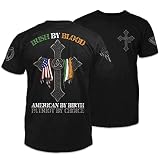 Irish by Blood T-Shirt Patriotic Tribute Tee | American Pride Veteran Support Shirt | 100% Cotton Military Apparel | Black, Large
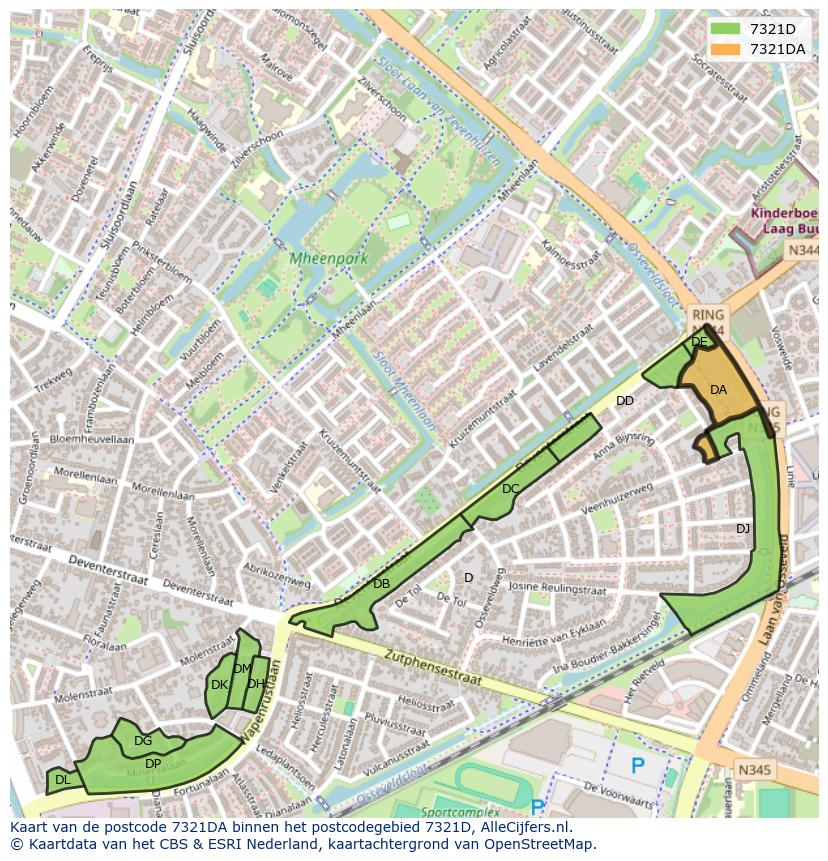 Afbeelding van het postcodegebied 7321 DA op de kaart.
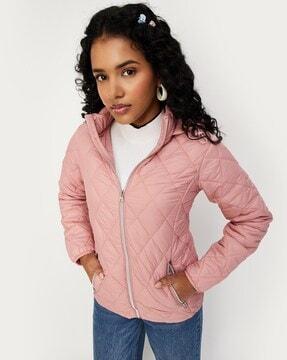 women quilted regular fit hooded bomber jacket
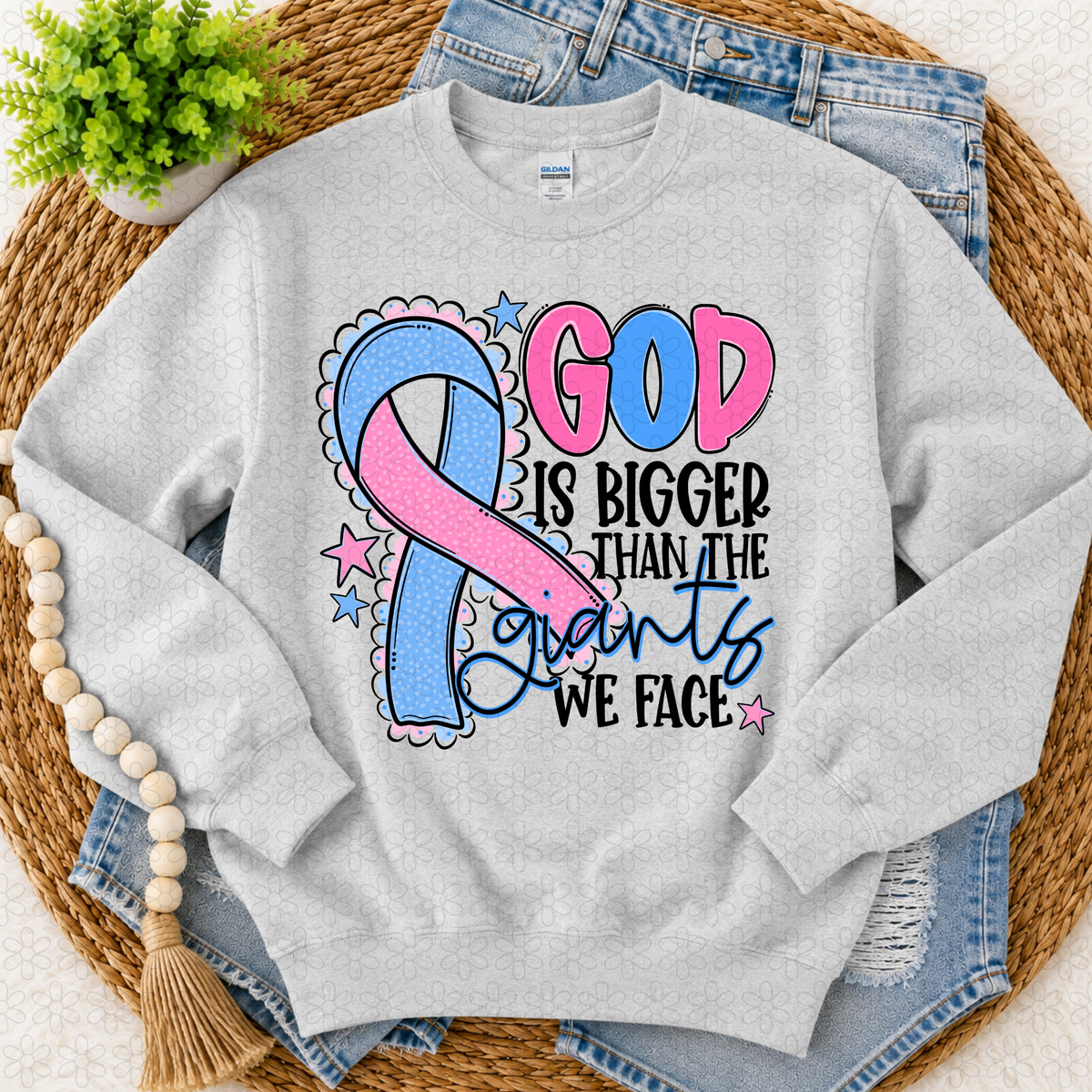 God is Bigger Than the Giants we Face- Multiple Options Only Completed Tee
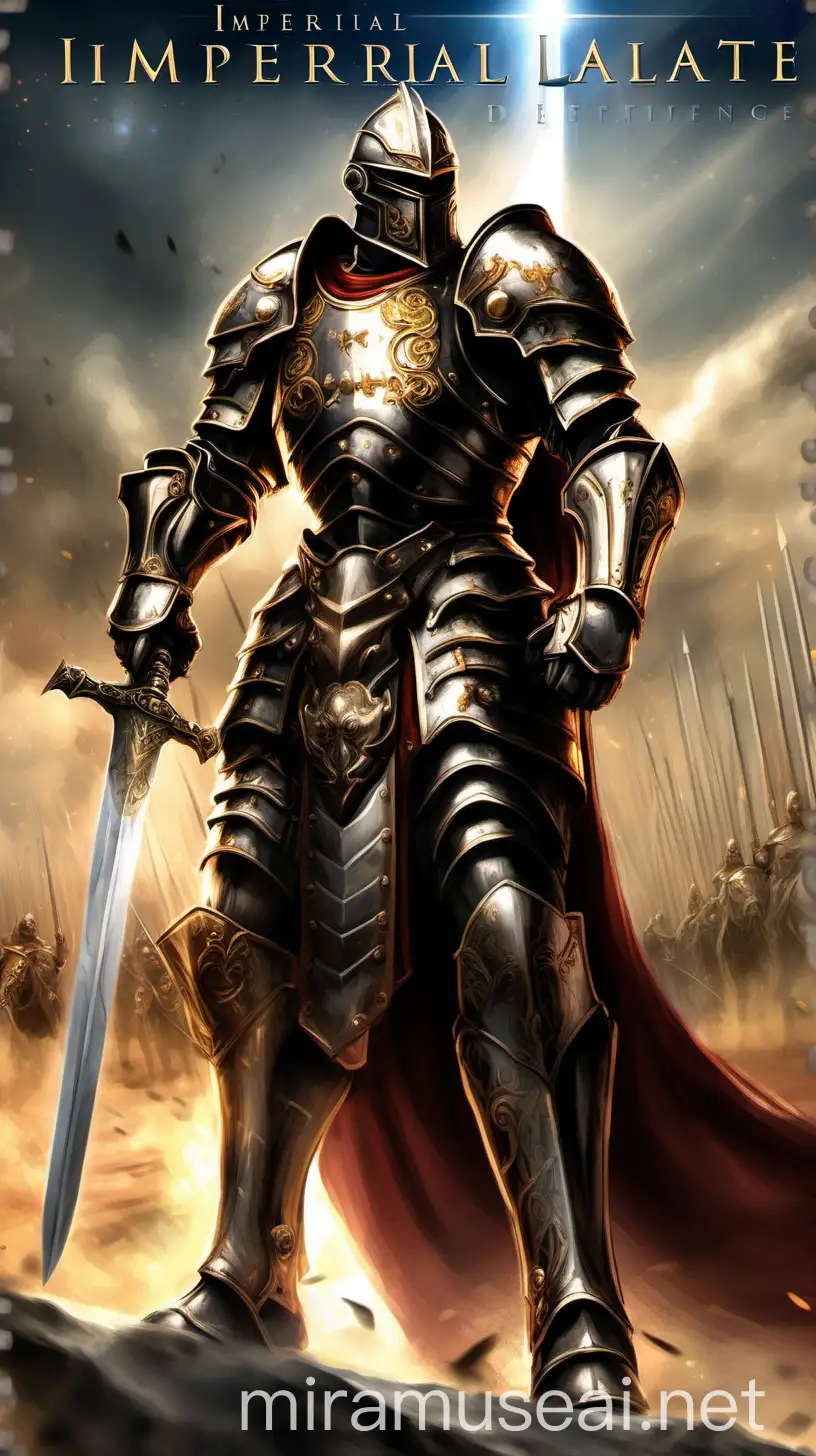 Imperial Legate:
Background: A vast battlefield with stars in the distance.
Subject: A stoic Imperial Legate in imposing battle armor, raising a sword and radiating confidence.
Style: Realistic with a touch of heroic flair.
Text:
Title: Imperial Legate
Ability Text: Commanding Presence: Boosts friendly unit morale in a duel, increasing combat effectiveness. (Stat) Morale +2 (from Ability)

☆ ☆ ☆

### EXERCISE
Show, from the material above, each line that includes the string "with".

### SOLUTION FOR THIS PROBLEM
Background: A vast battlefield with stars in the distance.
Style: Realistic with a touch of heroic flair.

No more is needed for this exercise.